Forse sono stato troppo aggressivo. Perché adesso non solo non parla, ma pare che neppure più senta. Così decido che è meglio fare finta di nulla. Quando esco dal bagno non lo vedo più. Nemmeno lo trovo. Lo cerco a destra e a manca, dentro e fuori. Alla fine torno alla cabina del Tir. Sul cruscotto ci sono una tessera della polizia è una lettera. Le prendo. Quasi non ci credo, ma a volte la verità è come un razzo che vola senza sapere dove.

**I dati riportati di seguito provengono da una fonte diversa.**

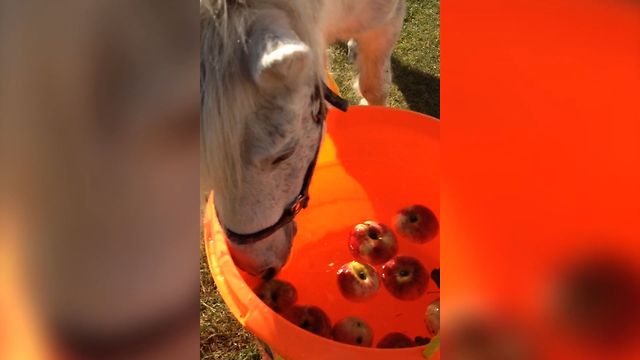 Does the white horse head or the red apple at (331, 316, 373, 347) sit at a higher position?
the white horse head

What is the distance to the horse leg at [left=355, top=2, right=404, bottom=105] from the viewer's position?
6.27 feet

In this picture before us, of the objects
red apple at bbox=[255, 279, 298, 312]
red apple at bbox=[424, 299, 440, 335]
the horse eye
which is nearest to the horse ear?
the horse eye

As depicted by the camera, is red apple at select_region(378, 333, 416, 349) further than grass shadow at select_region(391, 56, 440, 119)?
No

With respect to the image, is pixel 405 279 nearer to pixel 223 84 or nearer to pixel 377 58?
pixel 377 58

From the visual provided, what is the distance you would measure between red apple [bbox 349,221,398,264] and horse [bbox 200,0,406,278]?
1.29 ft

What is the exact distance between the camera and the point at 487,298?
0.44 meters

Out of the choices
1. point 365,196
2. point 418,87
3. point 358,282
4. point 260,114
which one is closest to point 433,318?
point 358,282

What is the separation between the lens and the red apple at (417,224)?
1655mm

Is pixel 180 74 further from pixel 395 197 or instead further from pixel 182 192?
pixel 395 197

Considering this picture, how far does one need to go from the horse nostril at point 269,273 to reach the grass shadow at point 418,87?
117cm

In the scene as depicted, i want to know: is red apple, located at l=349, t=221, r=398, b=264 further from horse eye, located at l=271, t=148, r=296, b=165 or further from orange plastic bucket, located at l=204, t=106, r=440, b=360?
horse eye, located at l=271, t=148, r=296, b=165

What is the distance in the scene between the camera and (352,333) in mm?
1449

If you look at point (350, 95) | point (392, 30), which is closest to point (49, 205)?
point (392, 30)

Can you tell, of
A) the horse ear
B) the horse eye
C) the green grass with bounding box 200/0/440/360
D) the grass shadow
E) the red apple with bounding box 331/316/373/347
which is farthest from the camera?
the grass shadow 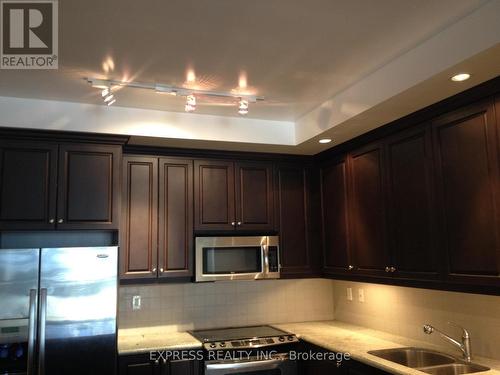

Avrei potuto arrestarti. Avrei dovuto farlo alla consegna del carico. Ma quando ho saputo della destinazione è cambiato tutto. Non si può perdere un appuntamento con il destino. Tre cose allineate lungo la strada: la mia vita da clown, la luna e Parigi. La quarta è nel mio nome, e da sempre mi ha costretto a dividere la mia anima in due: giullare di giorno, infiltrato di notte. Non poteva durare in eterno. Parigi e la luna mi aspettavano. La strada mi aspettava. Tu la conosci la strada. Mette insieme sempre le situazioni più strane, fino a quando un giorno ti accorgi che ti stavo aspettando. È quello il tuo momento, altrimenti ti ritrovi come Cirano Bourlenguer: un nome da eroe su un volto da clown.
Smacco
PS perché battersi solo quando la vittoria è certa?
PPS non fidarti di Perdono. Lui fa il doppio gioco.
© Gianni Aniello 1998 All rights reserved
Questo racconto fu scritto nel 1998 durante il lavoro che portò alla pubblicazione de “Il racconto breve”, Edizioni del Delfino, 2000. all’epoca l’internet era agli albori eppure la misura e lo stile si sposano oggi perfettamente a una pubblicazione su web. L’idea editoriale e il coordinamento del gruppo di lavoro fu di Giannino Di Stasio, persona generosa e competente che spesso ha avuto idee che hanno precorso i tempi.